Citing Green-Younger v. Barnhart, 335 F.3d 99, 107-08 (2d Cir. 2003), Abarzua also appears to argue that the opinions of consulting physicians cannot provide substantial evidence. But in Green-Younger, this Court explained that "the reports of two SSA consulting physicians . . . are also not substantial evidence," not because of the mere fact that they were consulting physicians, but because one relied entirely on a single report, and the other addressed the wrong deficits, i.e., deficits that were not at issue. Id. Here, in contrast, Drs. Brahms, Efobi, and Blackwell relied on multiple pieces of medical evidence and addressed relevant findings with respect to Abarzua's condition. The ALJ did not err in concluding that substantial evidence, including her own treatment notes, contradicted Dr. Batista's opinion on Abarzua's workday and workweek limitations, and therefore did not err in discounting her opinion.
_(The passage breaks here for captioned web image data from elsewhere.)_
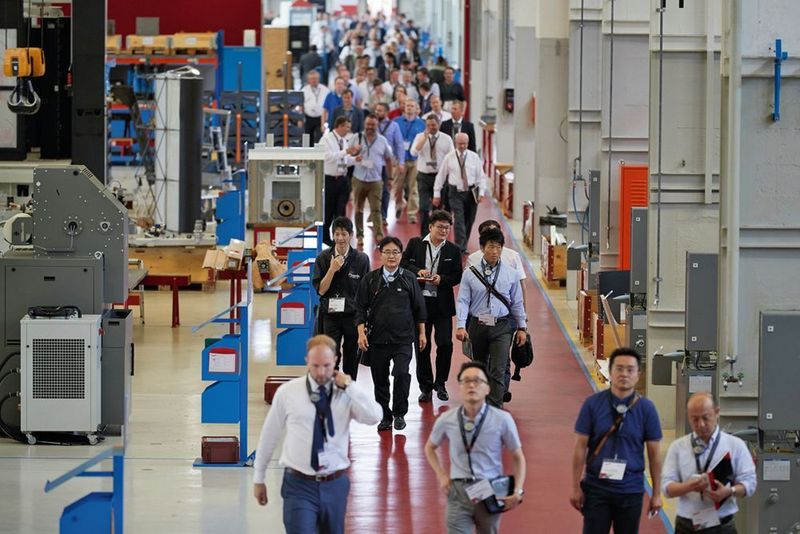 Kontinuierlich wächst der Teilnehmerkreis an den Turbine Technology Days: Am 27. und 28. Juni 2017 kamen über 200 Fachleute aus 19 Ländern zu Starrag nach Rorschacherberg. (Starrag Group)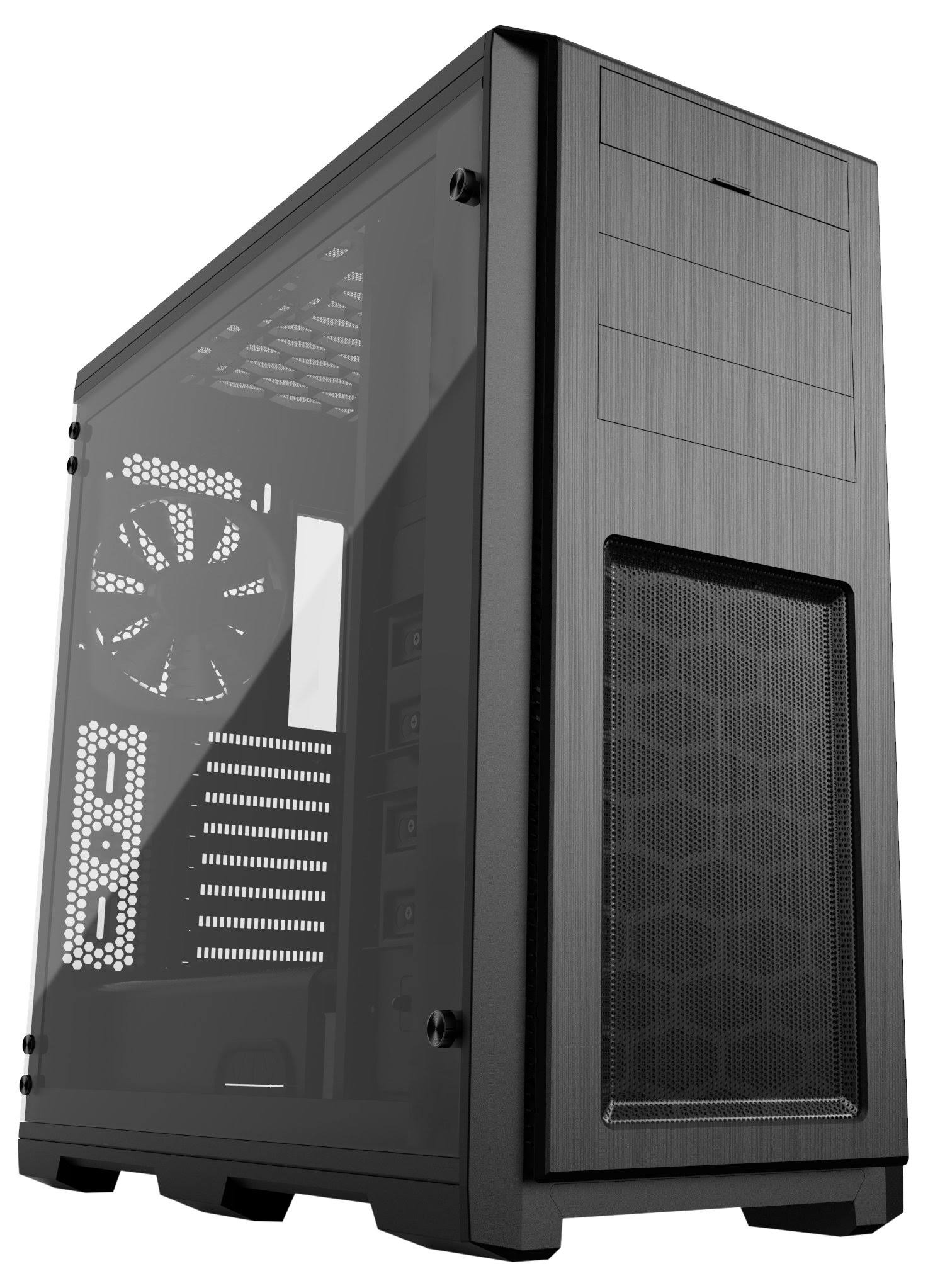 Phanteks Case PH-ES614PTG_BK Enthoo Pro Tempered Glass Full ATX RGB Black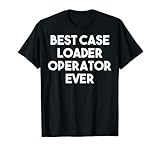 Der beste Kofferlader-Bediener aller Zeiten T-Shirt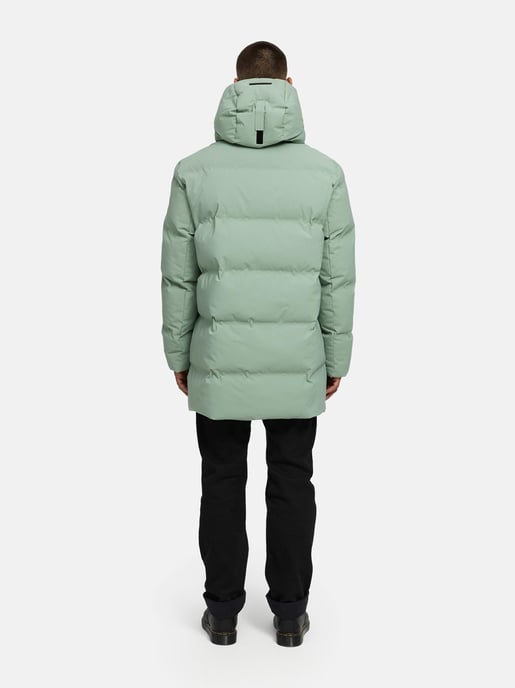 Chaqueta de invierno para hombre Stone Harbour Darianoo con acolchado Downfree y cierre magnético - Image 6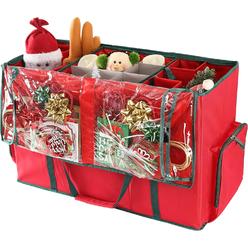 Snapware Christmas Ornament Storage Box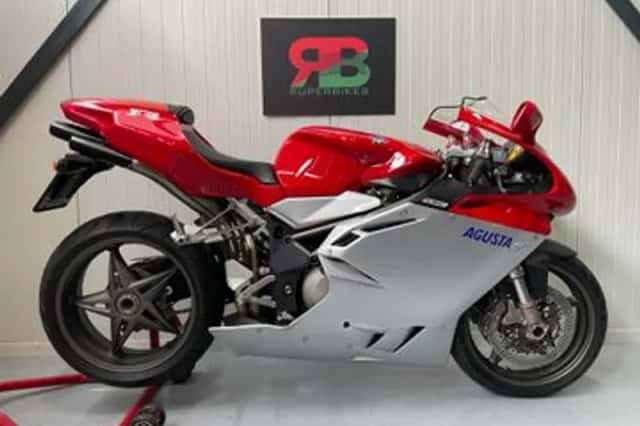 MV AGUSTA F4 (2000) thumbnail 1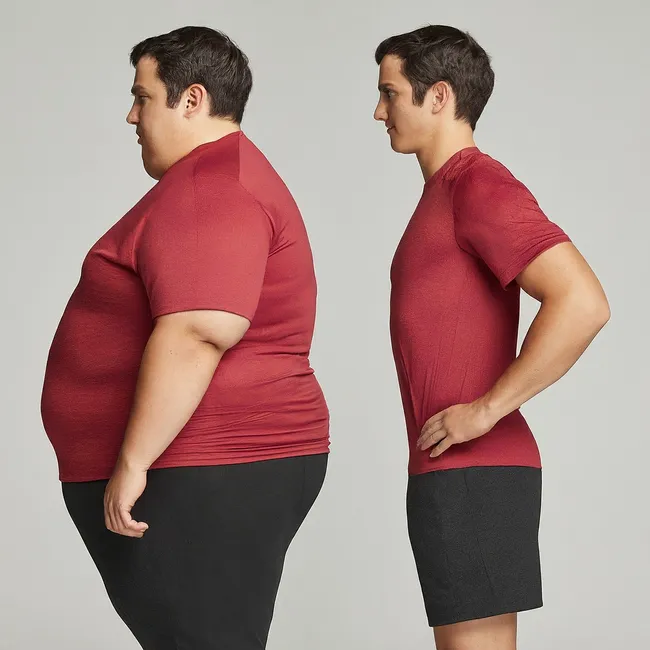 Блогер рассказал, как сбросил 25 кг за три месяца: ему помогли эти 6 принципов быстрого похудения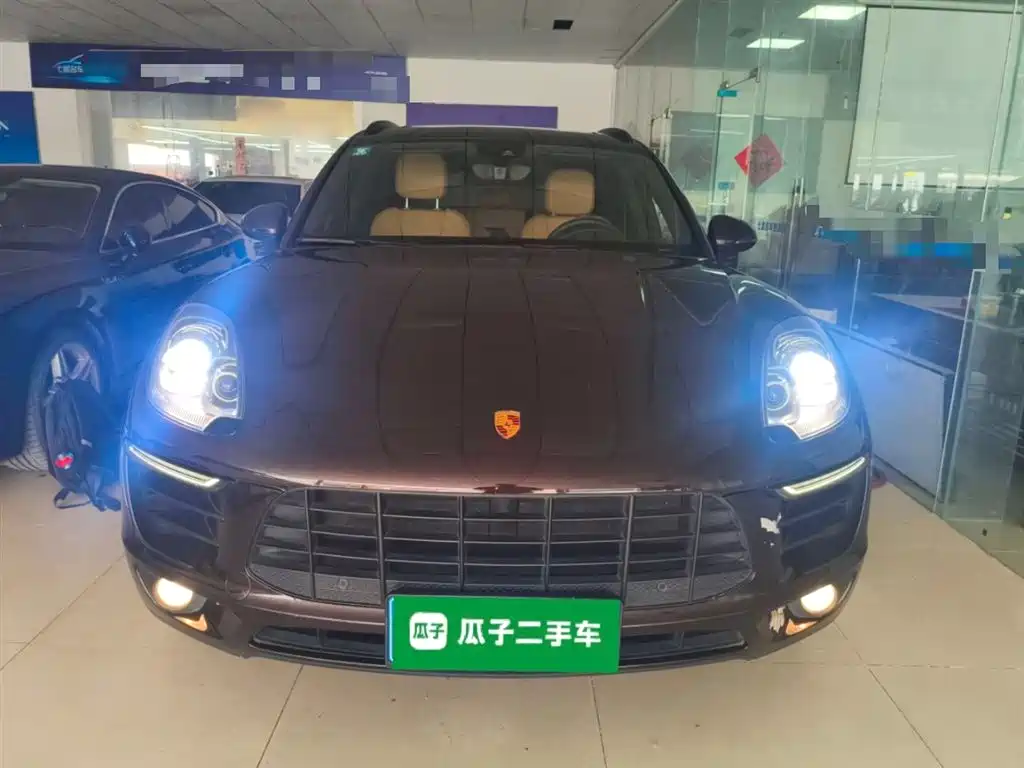 Porsche Macan 2017 Macan S 3.0T фото 3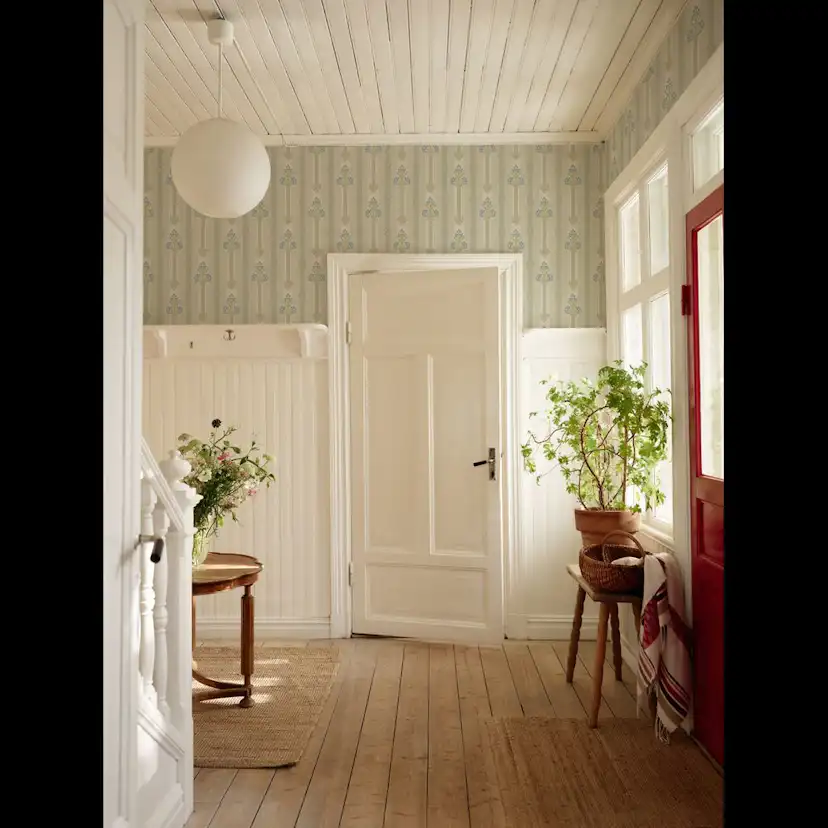 Mönstrade Tapeter Duro Nergården Classic Paper Gammalsvenska Mönster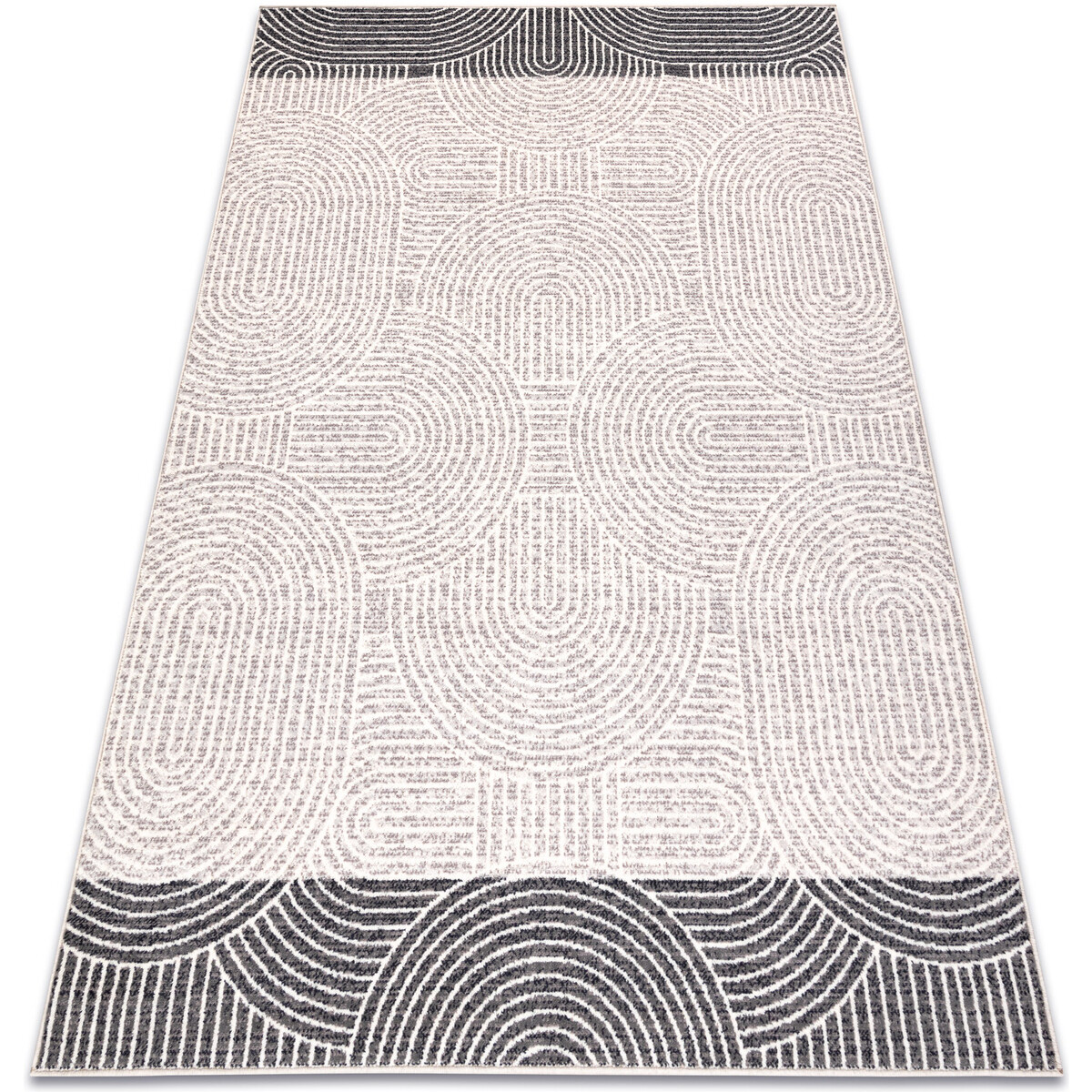 Rugsx  Koberec Vlna ANGEL 7901 / 52022 Geometrický 240x340 cm  Béžová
Abarzua next argues that the Commissioner failed to sustain her burden of proof to show that Abarzua can adjust to other work in the economy. "[T]here is only a limited burden shift to the Commissioner at step five. Under the applicable . . . regulation, the Commissioner need only show that there is work in the national economy that the claimant can do; he need not provide additional evidence of the claimant's residual functional capacity." Poupore, 566 F.3d at 306. Here, the vocational expert testified that the hypothetical individual incorporating Abarzua's vocational profile and residual functional capacity could perform work as, for example, an addresser, document preparer, sack or bag repairer, or surveillance system monitor. The Commissioner was not required to show that Abarzua could adjust to other work in the economy, as Abarzua argues. Abarzua's argument on this point essentially repeats her argument as to the weighing of the treating physicians' opinions. For the reasons above, this argument fails.
We have considered the remainder of Abarzua's arguments and find them to be without merit. Accordingly, we hereby AFFIRM the district court's judgment.